The smell of turkey floating through the corridor couldn't shake the creepy feeling that we were unwilling voyeurs. I wished the old folks a happy holiday and split.

I ended up driving in the rain, listening to music on my iPod, reading the Washington Post outside the Hellmouth 7-11 (yes, I know better than to go there), and then taking in a showing of "Stranger Than Fiction." I read a review tonight on Rotten Tomatoes that sums up my feelings about it: "Finally, a Charlie Kaufman movie for people who are too stupid to understand Charlie Kaufman movies." Yep, that about does it. Not bad, really, but not particularly good, either.

By the time I got out of the theater, virtually everything was closed except for one Chinese restaurant. So, I slapped down a little cash for some carryout, and headed home to watch "Ugly Betty" and eat my lo mein in blissful silence. I think that Angry Doc got enough breasts and thighs for today before I got back to my place. And for that, I am truly thankful this evening.

Dear god, what happens if the people upstairs want leftovers tomorrow? They do say that those Thankgiving goodies are always better the second day.

Think I'll hit the coffee shop tomorrow a.m. and never look back...



*For my friends outside of the United States, Reddi-wip is a spray whipped cream generally only seen on Thanksgiving, Christmas, and Girls Gone Wild videos...

9 comments:

E :) said...

LOL! Loved the picture of the tanned turkey. Fit your story perfectly.

And let's just hope the upstairs neighbours don't go back for seconds.

Janet M. Kincaid said...

Well... it sounds like you had a really special Thanksgiving! (Note tongue in cheek wittiness.) I loved the part about the horrified parents of your neighbors! Those poor, poor people. L'edMAO reading this and had to read it to my siblings, who also cracked up.

Here's hoping there are no seconds...

Janet M. Kincaid said...

Well... it sounds like you had a really special Thanksgiving! (Note tongue in cheek wittiness.) I loved the part about the horrified parents of your neighbors! Those poor, poor people. L'edMAO reading this and had to read it to my siblings, who also cracked up.

Here's hoping there are no seconds...

Cyn said...

Is there really a market for the sexy pilgrim costume? Is there a whole Mayflower fetish thing I've somehow never heard of? Nurse, maid, cheerleader -- those I understand.

I mean, even a costume that featured turkey pasties couldn't make that cap sexy.

Anonymous said...

Your upstairs neighbors are the reason I've never had upstairs neighbors...too much chance of noise pollution. Very funny imagery, though. I'd hate to see what their version of a "Redi-Whip" looks like...

Pirate Twin said...

I started snickering when you brought up Chinese takeout. I was just sure you were going to say that you sang "fa ra ra ra ra," all the way home.

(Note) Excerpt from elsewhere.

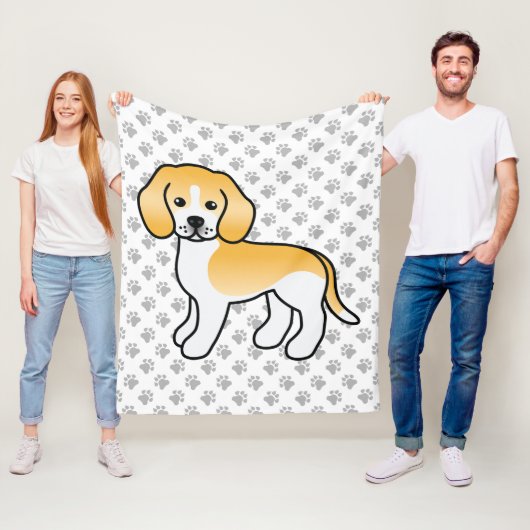Lemon and White Beagle Cartoon Dog and Paws Fleece Deken (In situ)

Bumpises !! See, your upstairs neighbors are your Bumpises. Just be glad they don't have six smelly hound dogs.

BTW -- I'm sure you were in line at 3 a.m. to buy bargains at CompUSA or wherever. Right? Try not to put any caps in any asses over the PS3, ok? :)

spocko said...

You really need to tape them and put their sounds up on itunes. 99c times several million people!

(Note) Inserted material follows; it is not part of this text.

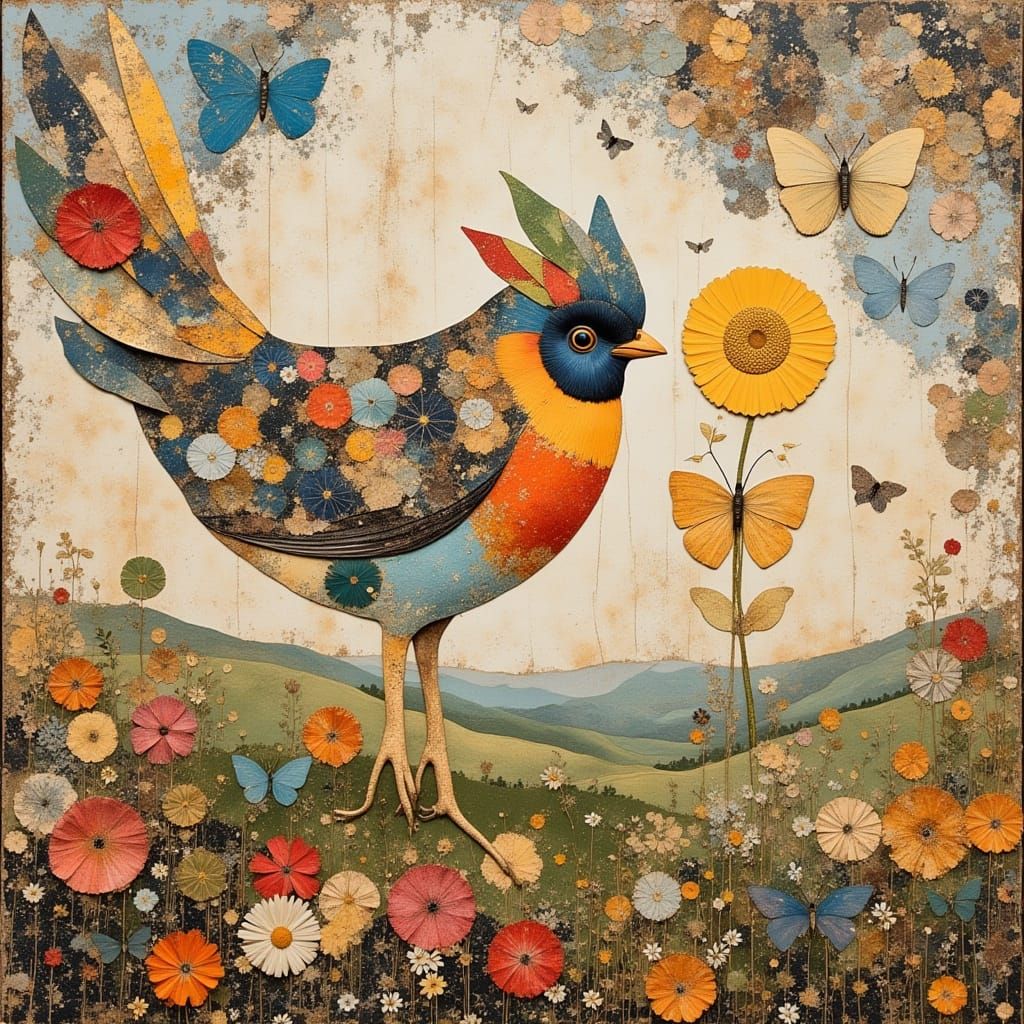 Fantasy Collage with Newspaper Winged Fairy and Unicorn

Or maybe just for us here for giggles.

Sudiegirl said...

Oh my...nothing says "happy holidays" like paper-thin ceilings and rabid sex from the upstairs neighbors, eh?

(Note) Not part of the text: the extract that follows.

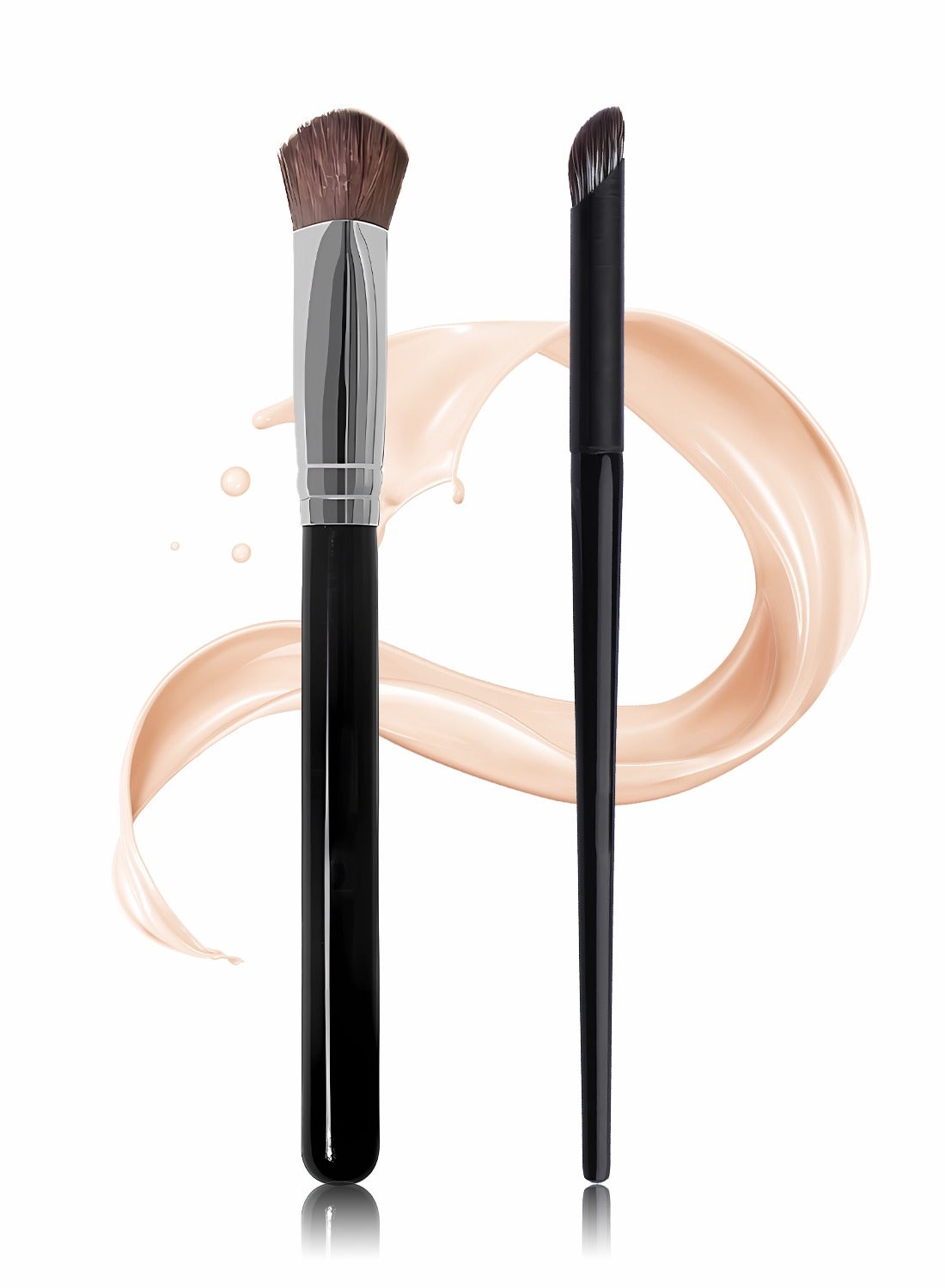 Concealer Brush 2PCS, Triangle Highlighting Brush & Angled Under Eye Nose Shadow Brush, for Blending Setting Buffing with Liquid, Cream and Powder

If I'd known you wuz a-gonna be all by your lonesome, I'd have brought you along with us!

:-(

Maybe for X-mas, no?

Claire said...

I see what you're saying about Stranger than Fiction, but I enjoyed it all the same. I really like picturing Linda Hunt coming in for a day of work, spending it saying "That's schizophrenia" with all the subtle variations one can give that matter-of-fact statement. Good times.